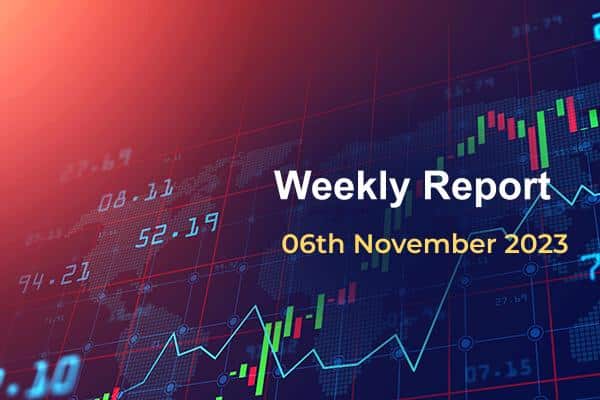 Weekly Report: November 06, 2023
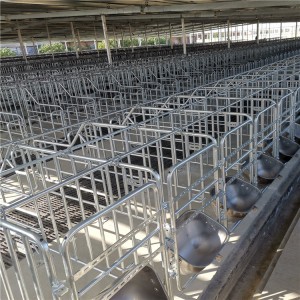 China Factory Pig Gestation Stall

==

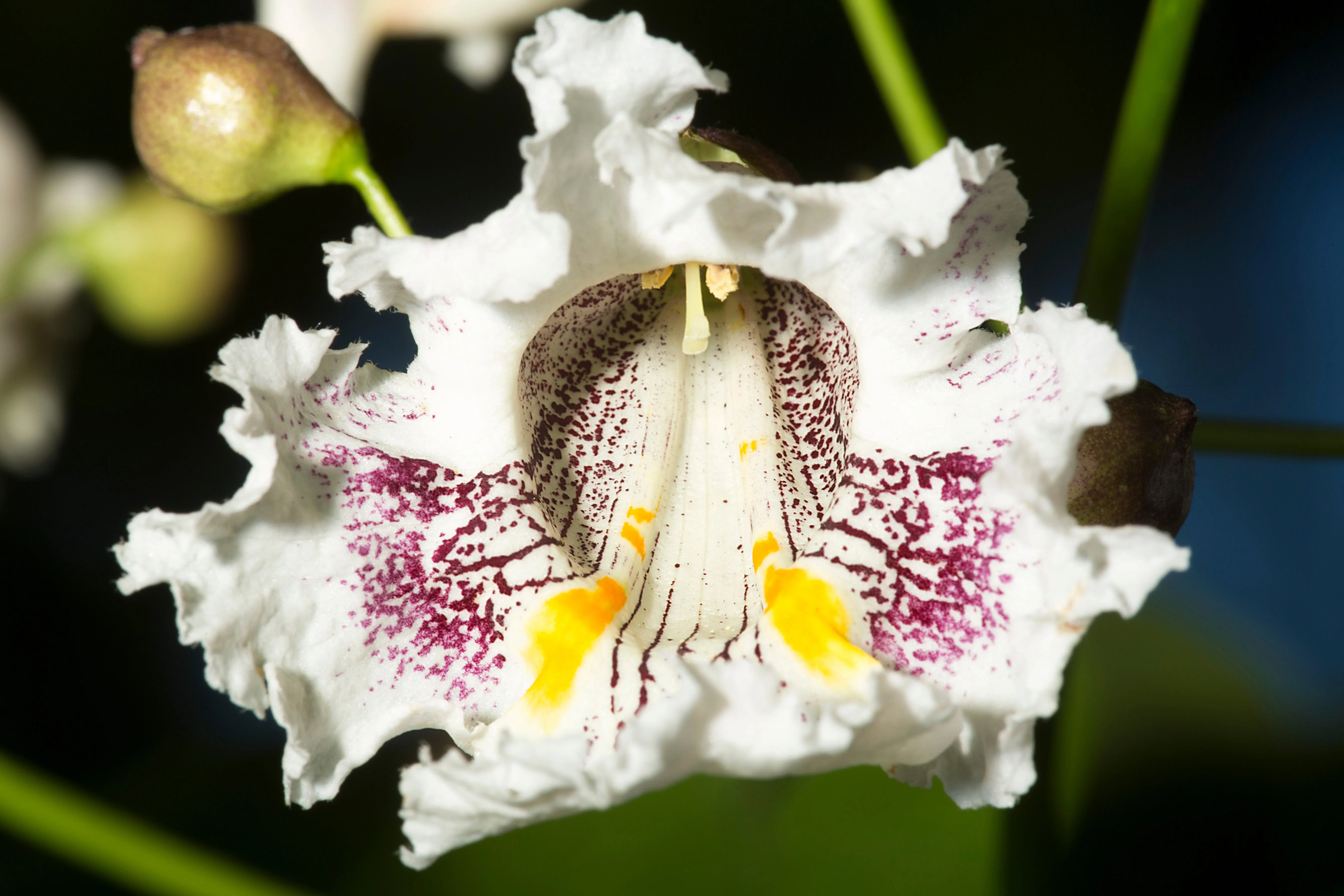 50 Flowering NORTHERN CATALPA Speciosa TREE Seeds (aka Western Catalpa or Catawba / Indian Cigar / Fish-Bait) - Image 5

--

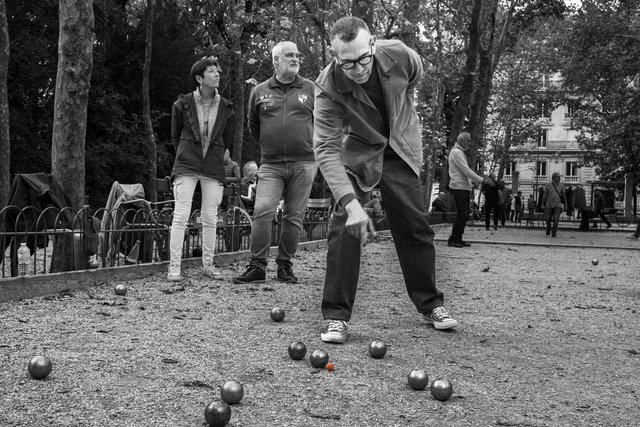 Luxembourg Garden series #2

**To do:**
Above are the records; copy from them only the lines starting at the one containing "Weekly Report: November 06, 2023" and ending at the one containing "China Factory Pig Gestation Stall", exactly and without pictures.

**Solution to the problem:**
 Weekly Report: November 06, 2023
 China Factory Pig Gestation Stall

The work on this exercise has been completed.